_Instructions to follow:_ Only the pictures are to be dropped; return all other data below exactly.

### Recorded information ###

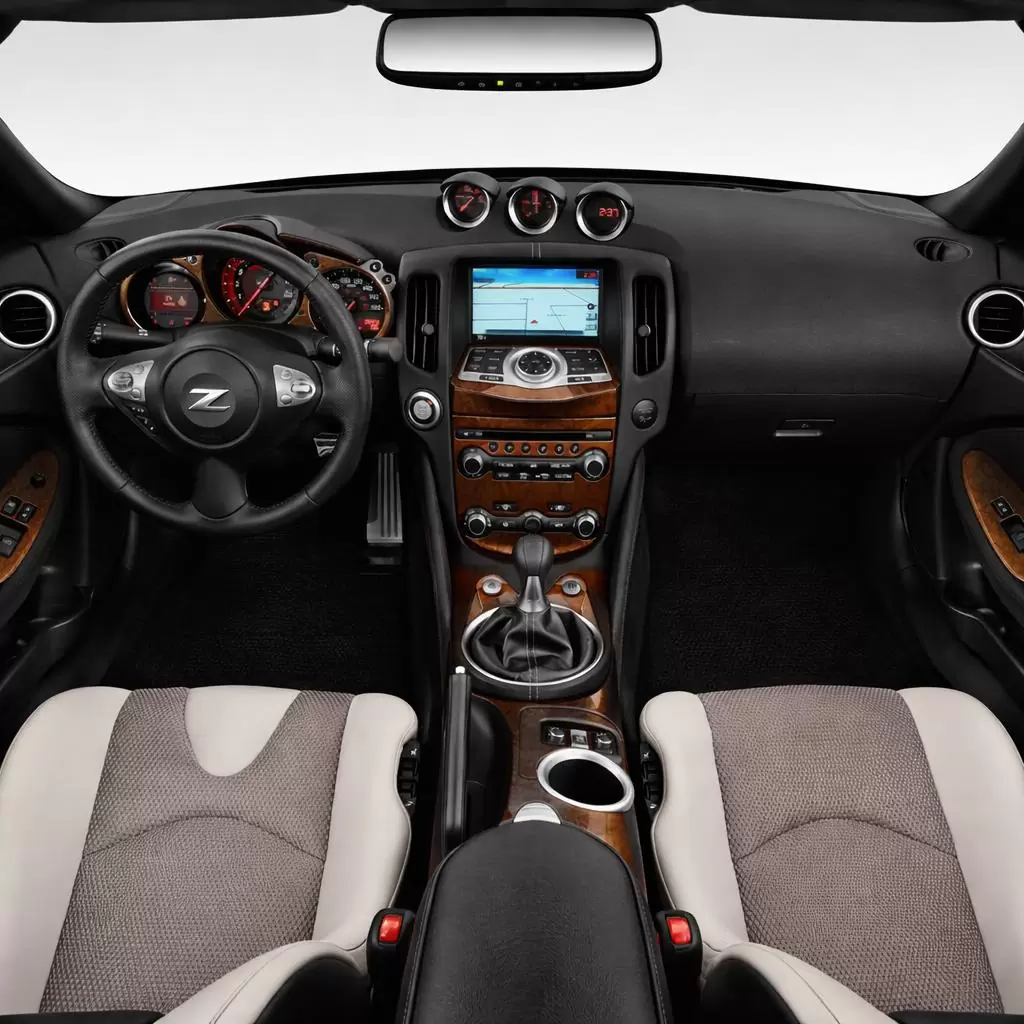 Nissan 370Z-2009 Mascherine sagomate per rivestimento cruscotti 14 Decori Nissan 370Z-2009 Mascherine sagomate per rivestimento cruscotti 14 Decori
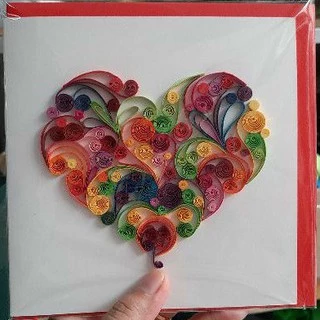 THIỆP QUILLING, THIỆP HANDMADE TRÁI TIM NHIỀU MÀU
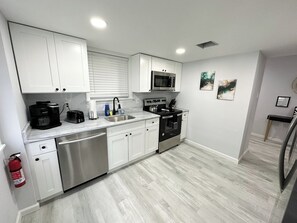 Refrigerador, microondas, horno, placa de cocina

###

_Solved problem:_
 Nissan 370Z-2009 Mascherine sagomate per rivestimento cruscotti 14 Decori Nissan 370Z-2009 Mascherine sagomate per rivestimento cruscotti 14 Decori
 THIỆP QUILLING, THIỆP HANDMADE TRÁI TIM NHIỀU MÀU
 Refrigerador, microondas, horno, placa de cocina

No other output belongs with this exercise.